Leftovers and boundary conditions: a moderator proposal

  • Department of Organizational Behaviour and Human Resources, Haskayne School of Business, University of Calgary, Calgary, AB, Canada

Systematic reviews and meta-analyses are a chance for a field to take stock and see what is now known (Hunt, 1997). Articles are searched for, then gathered, and then coded into a common metric, allowing for statistical analysis. Inevitably, for any meta-analysis of a decent size, the effect sizes from all these studies are not the same: variation around the mean is the norm (Steel et al., 2015). Part of this is due to sampling error, where the random chance draw of participants or data points accounts for fluctuations. However, even after accounting for the uncertainty associated with finite sample size, there is residual variance—the leftovers. Like culinary leftovers, they can seem like an afterthought, and some have argued they are of no great importance (LeBreton et al., 2017). However, accounting for them is foundational to the advancement of our science.

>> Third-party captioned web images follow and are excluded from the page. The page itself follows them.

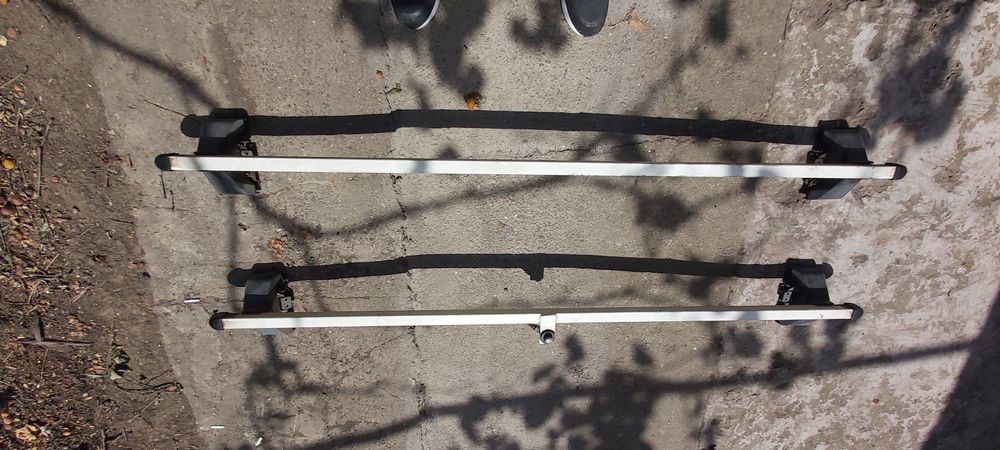 Bare transversale originale Trafic(Vivaro)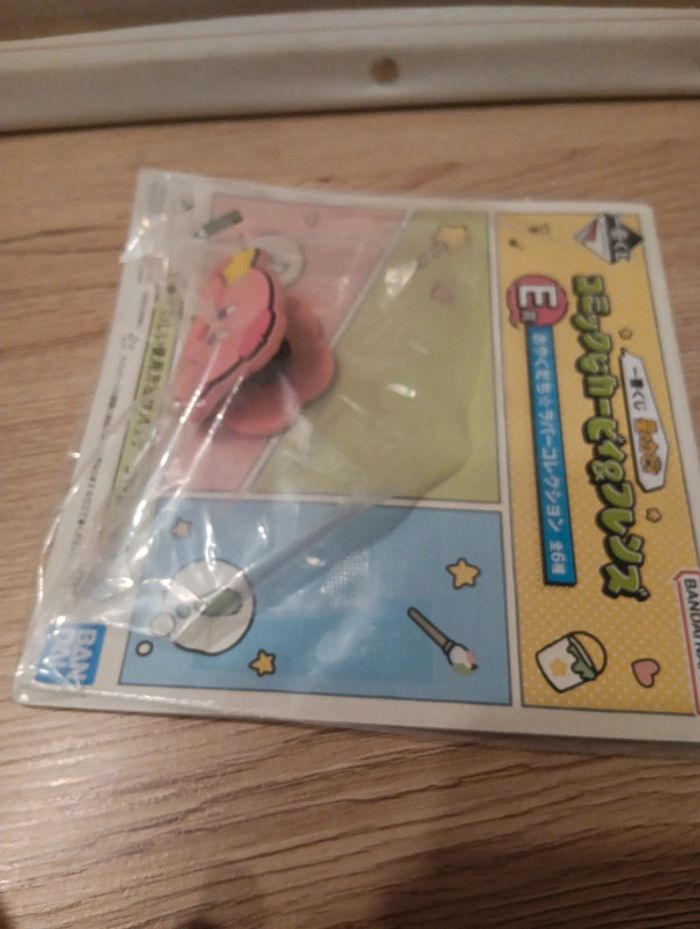 Pince a papier kirby - photo numéro 2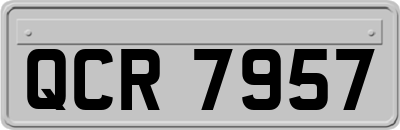 QCR7957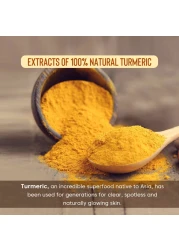 Dermoviva Face Wash Turmeric 150ml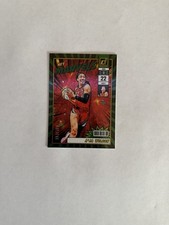 2025 WNBA Donruss Basketball Net Marvels A'ja Wilson /399 Green Fireworks Aces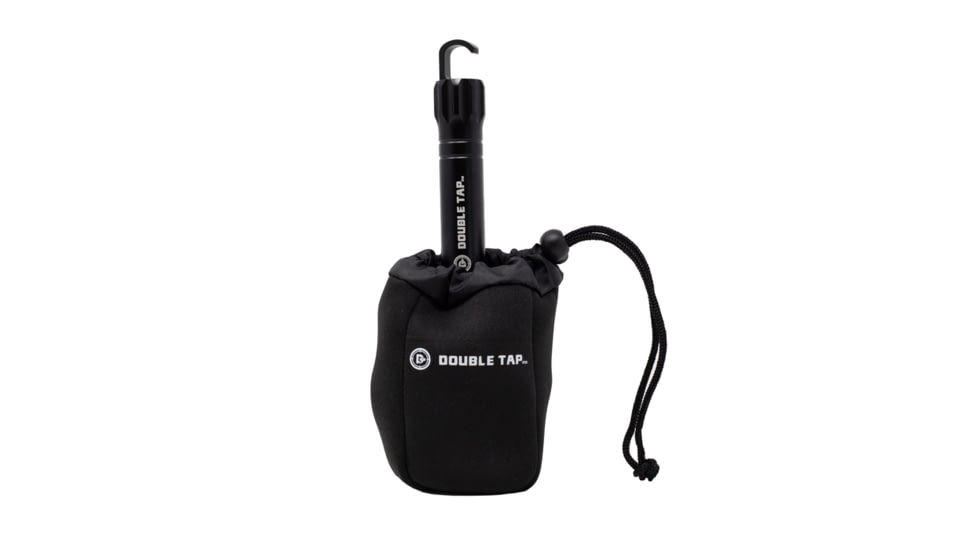 Double Tap Industries Stronghold Tripod Panoramic Leveling Head, Black, TRI-L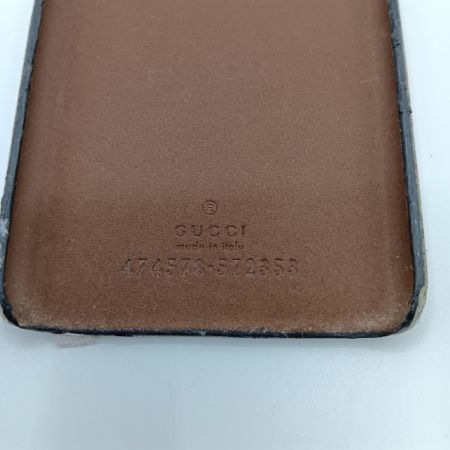  GUCCI グッチ スマホケース iPhone 7/8 GG柄 フラワープリント 474578・572353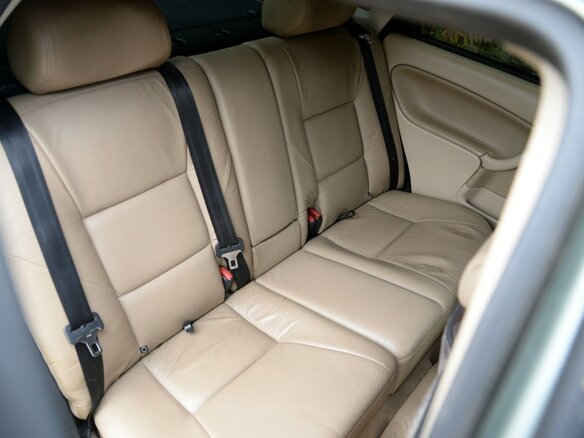 2001 Saab 9-3 I, зелёный, 430000 рублей - вид 15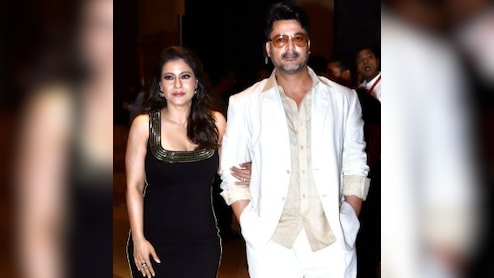 How Kajol Broke The Ice With Her Trial Co-Star Jisshu Sengupta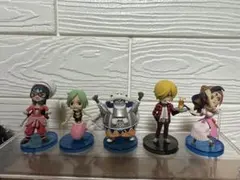 ワンピース フィギュア 5体セット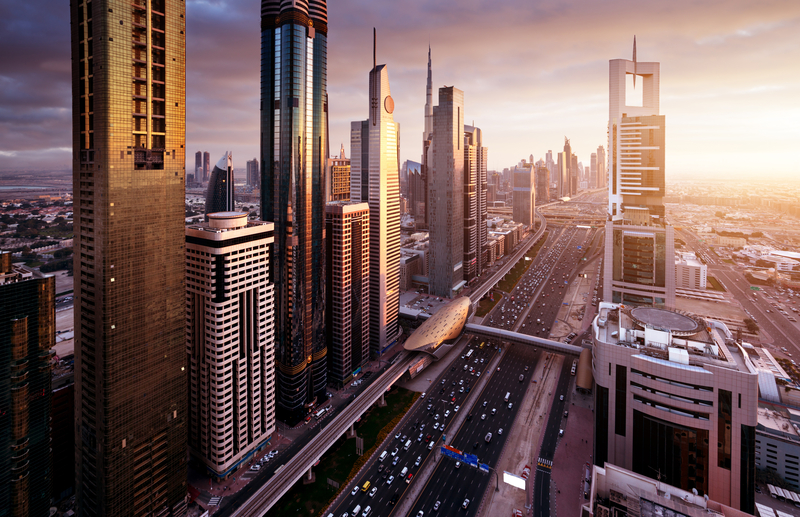 Dubai autonomous vehicles innovation technology © Iakov Kalinin | Dreamstime.com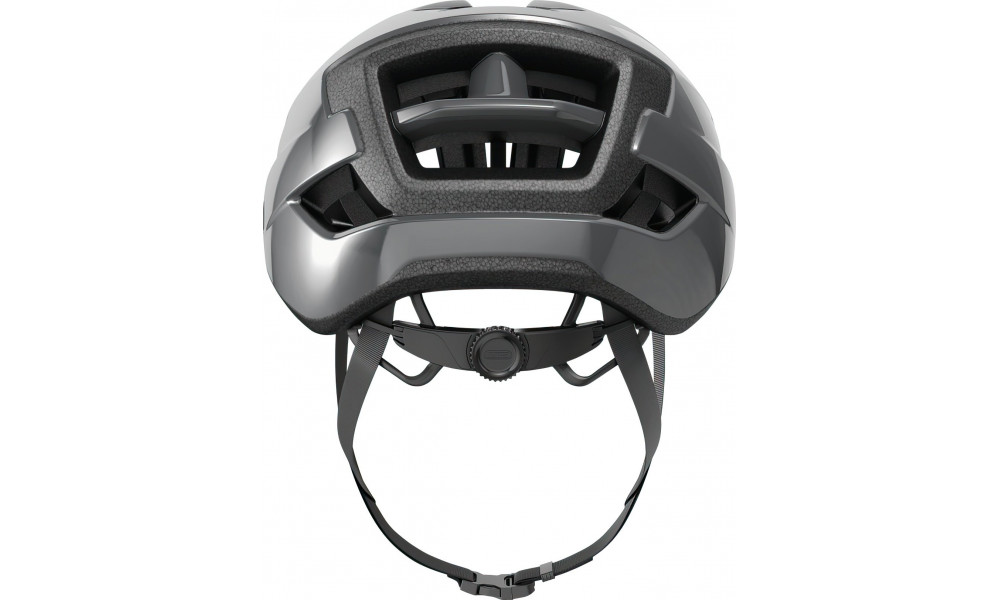 Šalmas Abus Wingback race grey - 6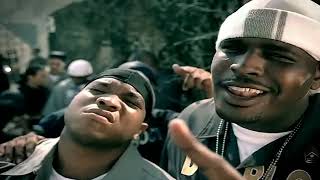 Sheek Louch feat. Jadakiss &amp;  J-Hood - Mighty D-Block (2 Guns Up)  (Uncensored)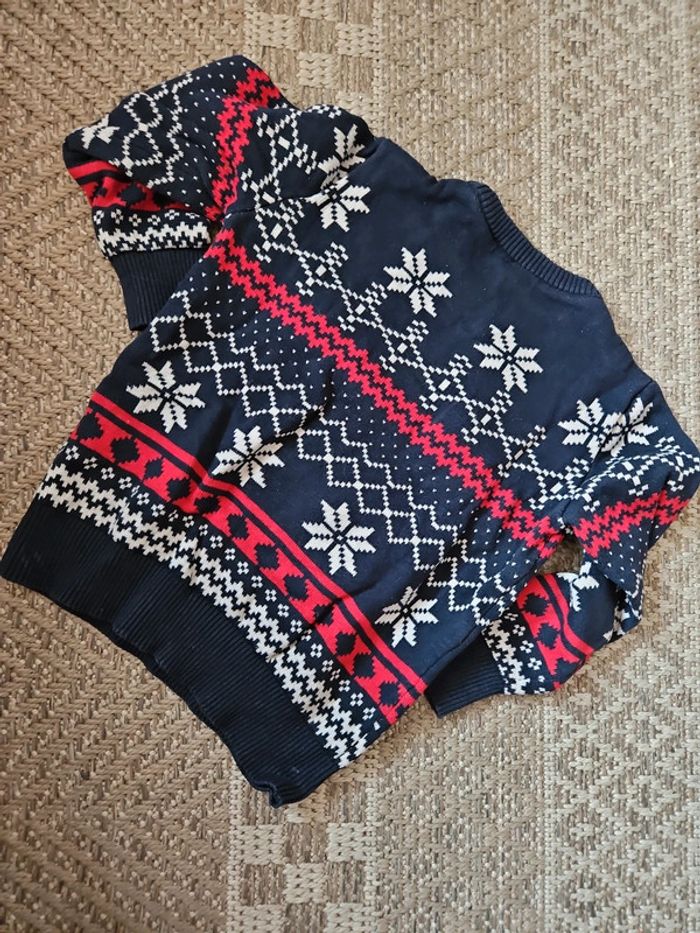 Pull garçon - photo numéro 3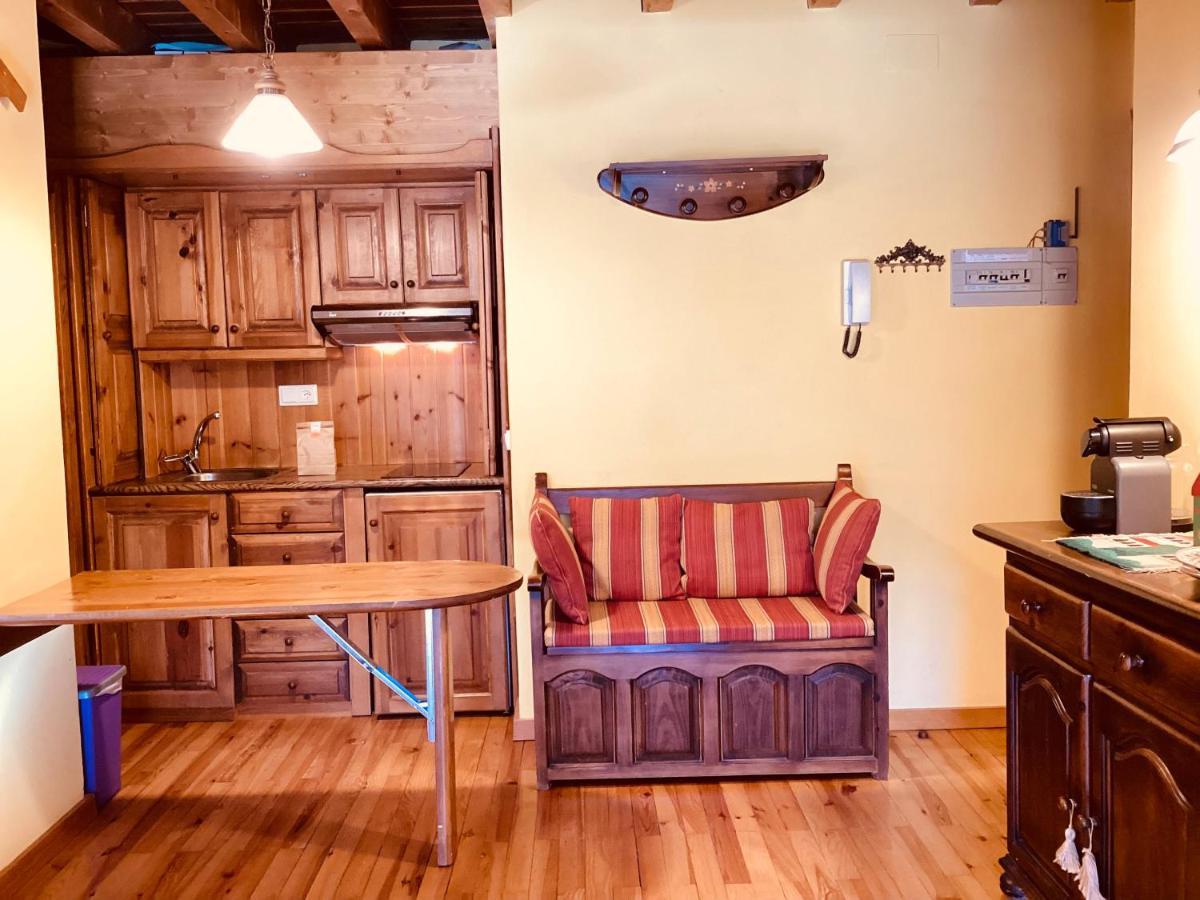 Apartmán Apartamento Boi Taull Immo 1 Dorm. Pla de l'Ermita Exteriér fotografie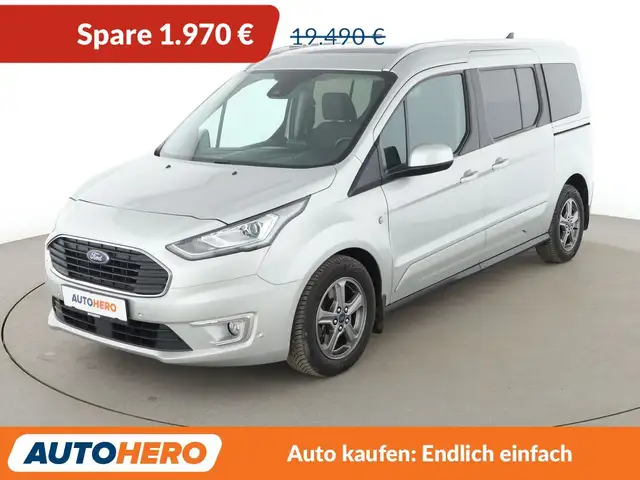 Ford Grand Tourneo 1.5 EcoBlue TDCi Titanium*NAVI*XENON*ACC*CAM*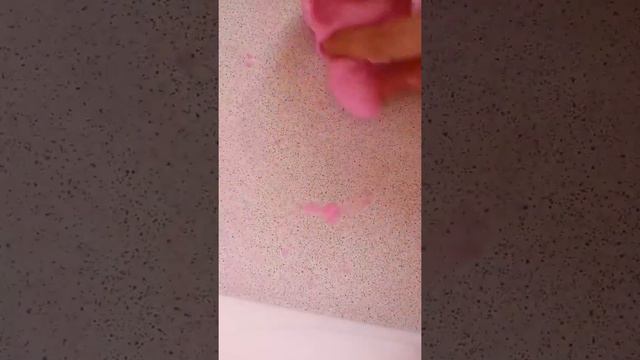 Как сделать слайм из лёгкого пластилина и вода!!Рабочий рецепт!!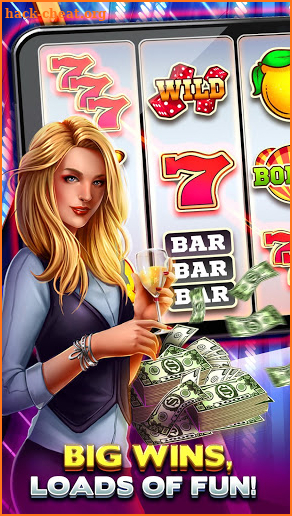 Free Slots screenshot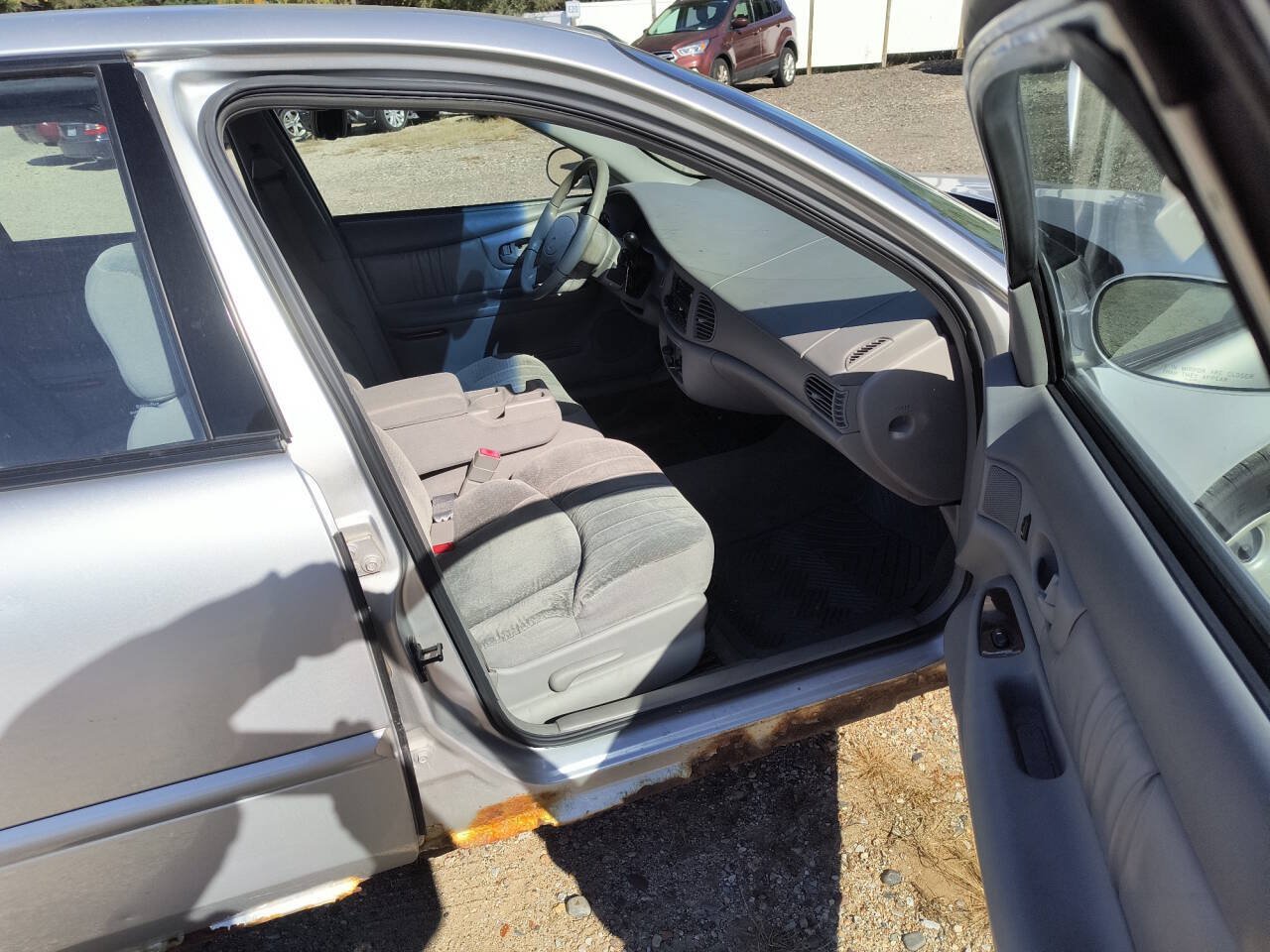 Used 2003 Buick Century Custom w/ Preferred Equipment Group 1SB FWD image 27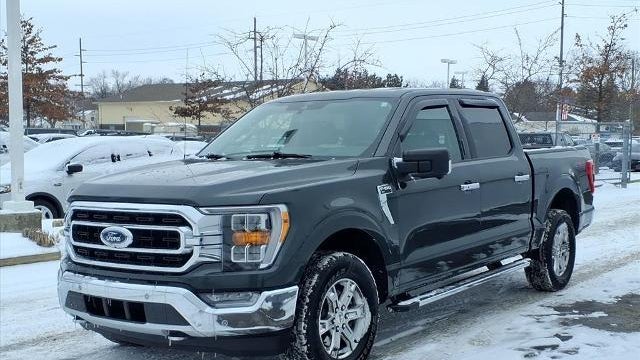2021 Ford F-150 XL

This leftover variance goes by a variety of names, from tau to the REVC (Random Effects Variance Component). It reflects the possible outcomes or the sizes of your effect sizes, the range of which is called credibility or prediction intervals. Basically, if a study was redone within the confines of what was done before, it effects size should be within these intervals. Credibility intervals are often broad and can cross the correlational Rubicon of zero, where effect sizes fail to even directionally generalize. Accounting for this variation can be all too important. Without it, each of our studies is simply a snapshot frozen in time, speaking to what happened in that particular moment in that specific setting, which may or may not happen again or at least not to the same extent (Yarkoni, 2022). On the other hand, if we can identify the sources of variation, we have a pathway to a mature science that can make precise predictions based on diagnosis or assessment alone. It can tell you when and where a finding is applicable and to who. For example, a medical treatment might cure some and kill others, so best if we could predict that variation. Unfortunately, we often can't. In the sobering words of Flake et al. (2022): “any statistical model estimated from any study has so many omitted sources of variance that the estimates are likely meaningless” (p. 33).

When a meta-analysis is conducted, a moderator analysis tries to account for this variation in effect sizes. Along these lines, we have advanced statistical methodology quite far, moving from simply subgroup analysis, where we compare the effect sizes of two group and see if one is bigger, to souped-up multiple regression schemes using continuous variables and sophisticated weighting (Steel et al., 2021). Despite these statistical refinements, often meta-analysts find that the moderators they want are not in the literature obtained (Steel et al., 2015). Aside from type of measure, studies typically confine their reporting to the thin gruel of participant age, gender ratio, student status, and nation. If you see an abundance of meta-analyses that use culture as a moderator, well there is a reason. Despite meta-analyses being invaluable summaries, and often used for precisely that, journals insist on new theory being tested. With a paucity of moderators available, they can link nation to national culture and that comes with the requisite theory. Still, the end result is that we still largely do not know what moderates relationships.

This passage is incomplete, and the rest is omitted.